De resto, todas as obrigações recaem sobre os agentes económicos (prestadores de serviços ou transmitentes de bens), que são quem tem de emitir a factura.
Também Joaquim Pedro Lampreia, associado coordenador da área fiscal da Vieira de Almeida & Associados, disse ao i que, no entendimento da sociedade, "esta situação não é legalmente admissível".
Por duas razões. Por um lado, porque "viola o direito à privacidade e à vida privada, um direito fundamental que não pode ser posto em causa por obrigações desta natureza", por outro, porque se está a exigir do consumidor uma obrigação sem motivo e a aplicar uma punição sem demonstração de culpa".
O advogado da Vieira de Almeida & Associados explica que na lógica da lei as coimas implicam, além do mais, a existência de dolo ou culpa do contribuinte, no caso do consumidor.
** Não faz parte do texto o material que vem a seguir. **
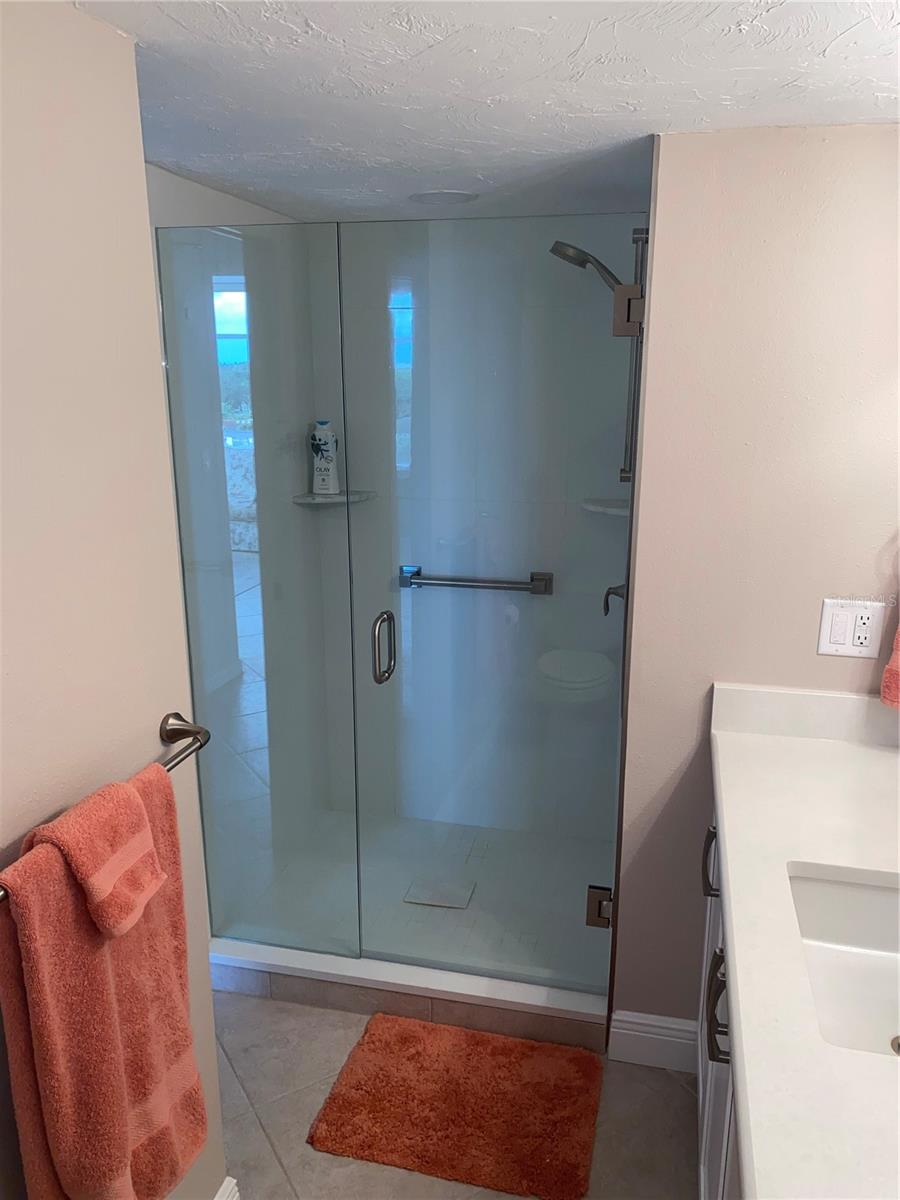 VALENCIA CONDO APTS - Residential Lease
Ou seja, está vocacionada para casos em que há um conluio entre prestador de serviços e consumidor, de forma a que ambos beneficiem de uma situação ilícita.
Apesar dos argumentos, o Ministério das Finanças, através de um comunicado emitido esta quarta-feira, informa que "durante o ano de 2013 e no âmbito da acção de fiscalização em larga escala para garantir o cumprimento das novas regras de facturação, a inspecção tributária da AT [Autoridade Tributária] já instaurou diversos processos de contraordenação a consumidores finais por incumprimento da obrigação da exigência de factura".
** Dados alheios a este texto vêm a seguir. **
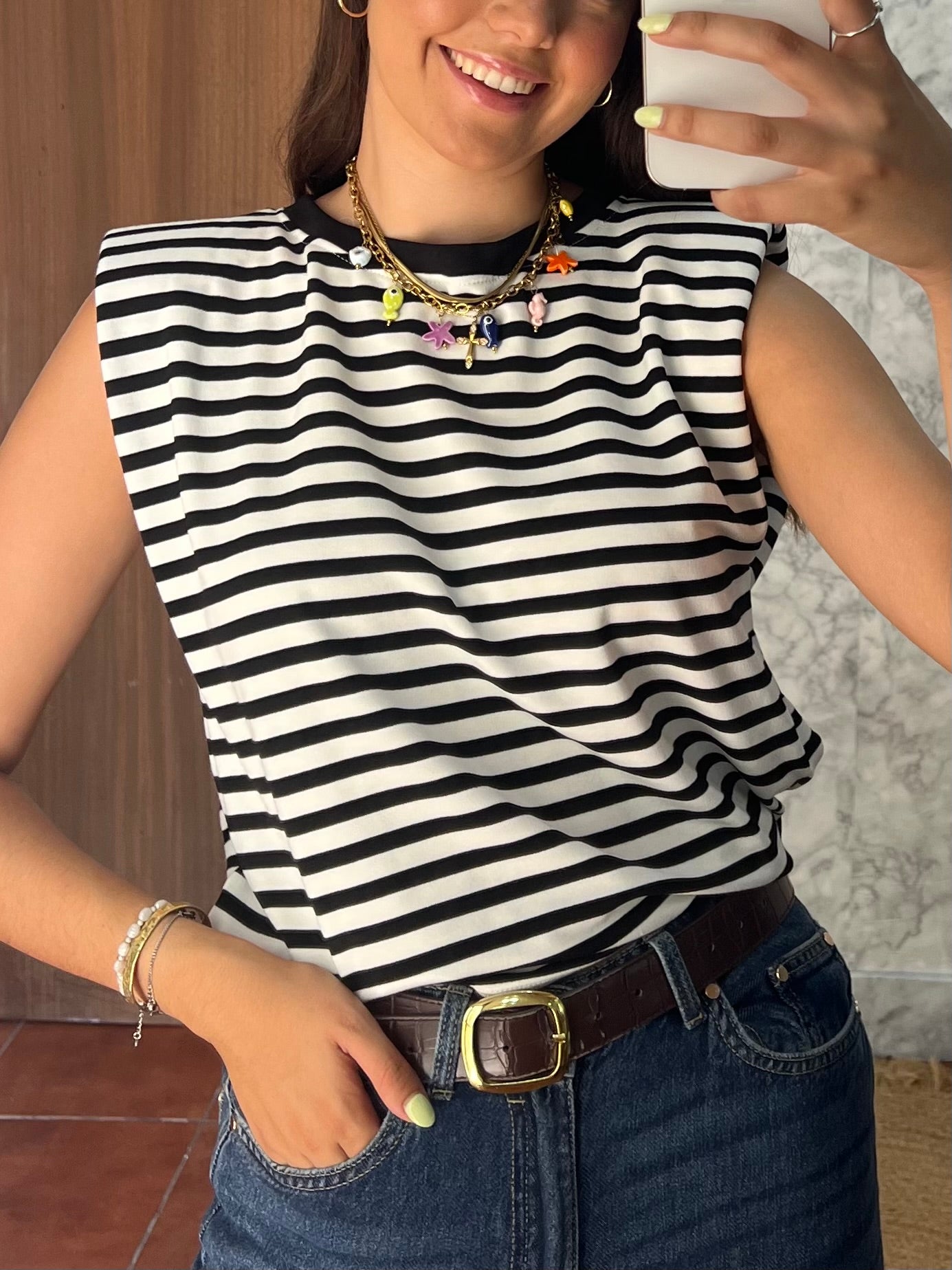 Camiseta hombrera rayas blanco-negro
O jornal i quis saber quantos são os processos e a quem foram instaurados, mas o ministério tutelado por Vítor Gaspar recusou-se a dar mais informações. Este é um dos motivos que levam algumas entidades a considerar que a informação prestada não é verdadeira e que se trata apenas de fazer pressão para acabar com a fuga ao fisco. Outro, é que o consumidor tem até cinco dias para pedir a emissão de factura.
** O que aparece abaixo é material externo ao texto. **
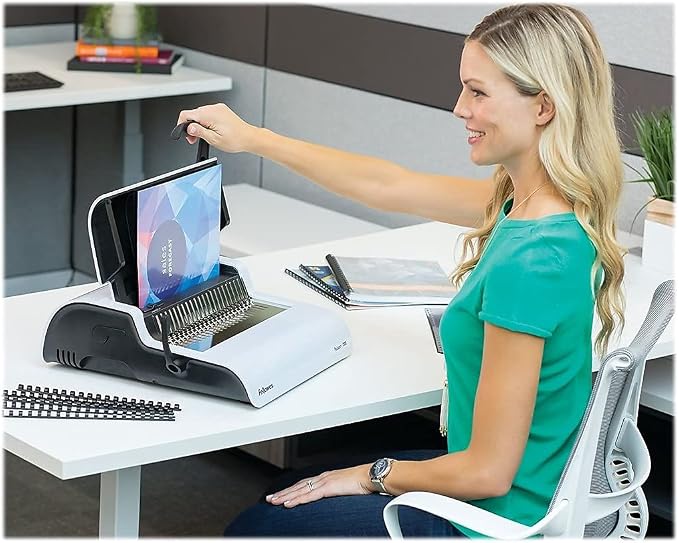 Fellowes Pulsar+ Comb Binding Machine, School Supplies & Classroom Organization Manual Binder, 20-Sheet Punch Capacity, Includes 10-Pack Starter Kit (5006801)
Contactada pelo i, a Comissão Nacional de Protecção de Dados diz que esta matéria não é da sua competência. E recorda que foi contactada em 2012, na altura em que estavam a ser preparadas as alterações à lei, tendo chamado a atenção para a necessidade de proteger a privacidade dos cidadãos, o que é feito, uma vez que o consumidor não tem de se identificar, nem tão pouco descrever o que pagou e na factura consta apenas a soma do valor pago.